Interface Implementation by Dictionary<TKey,TValue>
public class Dictionary<TKey, TValue> : IDictionary<TKey, TValue>, ICollection<KeyValuePair<TKey, TValue>>, IEnumerable<KeyValuePair<TKey, TValue>>, IDictionary, ICollection, IEnumerable, ISerializable, IDeserializationCallback
Screenshot for the above declaration
Summary
Through out the article rather than concentrating on how to use ArrayList , List<T> , HashTable etc but I was more concerned on what are the interfaces implemented by these collection classes.Their usage is very well documented and explained in numerous articles and blog but highlighting what interfaces they implement provide following two important benefits.

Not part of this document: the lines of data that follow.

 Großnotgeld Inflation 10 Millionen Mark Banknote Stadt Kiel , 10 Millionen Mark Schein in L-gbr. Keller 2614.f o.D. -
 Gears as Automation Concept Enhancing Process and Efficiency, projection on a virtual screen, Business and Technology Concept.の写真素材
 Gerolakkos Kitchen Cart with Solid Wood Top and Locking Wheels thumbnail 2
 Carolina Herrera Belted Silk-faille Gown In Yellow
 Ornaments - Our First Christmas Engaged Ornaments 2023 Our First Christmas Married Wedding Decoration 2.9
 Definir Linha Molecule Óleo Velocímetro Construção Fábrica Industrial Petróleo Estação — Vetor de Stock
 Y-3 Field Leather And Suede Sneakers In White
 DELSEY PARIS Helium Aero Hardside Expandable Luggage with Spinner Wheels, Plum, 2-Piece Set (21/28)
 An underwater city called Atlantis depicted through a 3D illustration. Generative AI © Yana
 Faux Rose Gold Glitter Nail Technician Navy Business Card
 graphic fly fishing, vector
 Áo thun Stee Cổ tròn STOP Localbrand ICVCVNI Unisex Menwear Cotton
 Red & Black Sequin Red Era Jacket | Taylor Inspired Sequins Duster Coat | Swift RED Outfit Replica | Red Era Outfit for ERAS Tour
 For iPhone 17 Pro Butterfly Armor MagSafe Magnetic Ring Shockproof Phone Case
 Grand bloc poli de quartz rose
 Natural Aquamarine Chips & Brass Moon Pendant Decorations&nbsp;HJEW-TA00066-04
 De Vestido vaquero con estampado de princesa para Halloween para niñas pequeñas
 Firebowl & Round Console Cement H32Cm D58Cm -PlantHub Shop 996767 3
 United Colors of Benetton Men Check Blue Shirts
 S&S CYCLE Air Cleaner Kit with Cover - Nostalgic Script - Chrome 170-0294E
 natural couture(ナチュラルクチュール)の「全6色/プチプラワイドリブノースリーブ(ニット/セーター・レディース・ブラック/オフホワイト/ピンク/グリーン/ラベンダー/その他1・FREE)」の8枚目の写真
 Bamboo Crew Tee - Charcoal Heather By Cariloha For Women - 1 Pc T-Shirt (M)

- Understanding of collection classes in .Net framework and over all class hierarchy is enhanced.So next time if you are reading some standard text , and if it uses IList<T> , through out the context then you are sure that what ever is said is applicable to List<T> class and to any class that implements IList<T> interface.In fact books which I refer for .Net programming , their authors always speak in terms of interfaces and abstract classes.The fundamental principle behind this is “programming to supertype” or “programming to interface”.You can read more on this in the following article “Program to an interface, not an implementation”.
- Method’s Parameter Type : When defining methods parameter type , its always better to specify the weakest type i.e. prefer interface over base classes.For example if you have a method that manipulates a collection then its better to specify the parameter type as IEnumerable<T> , rather than specifying concrete class like List<T>.Consider the following code:
// Desirable
private void Print(IEnumerable<string> items);
//Undesirable
private void Print(List<string> items);
Reason first method can be called by passing object that implements the IEnumerable<T> interface like Dictionary<TKey,TValue>,HashSet<T> , LinkedList<T> etc.Anyways if you are writing a method which expects a list then you should declare the parameter type as IList<T> rather than specifying List<T>.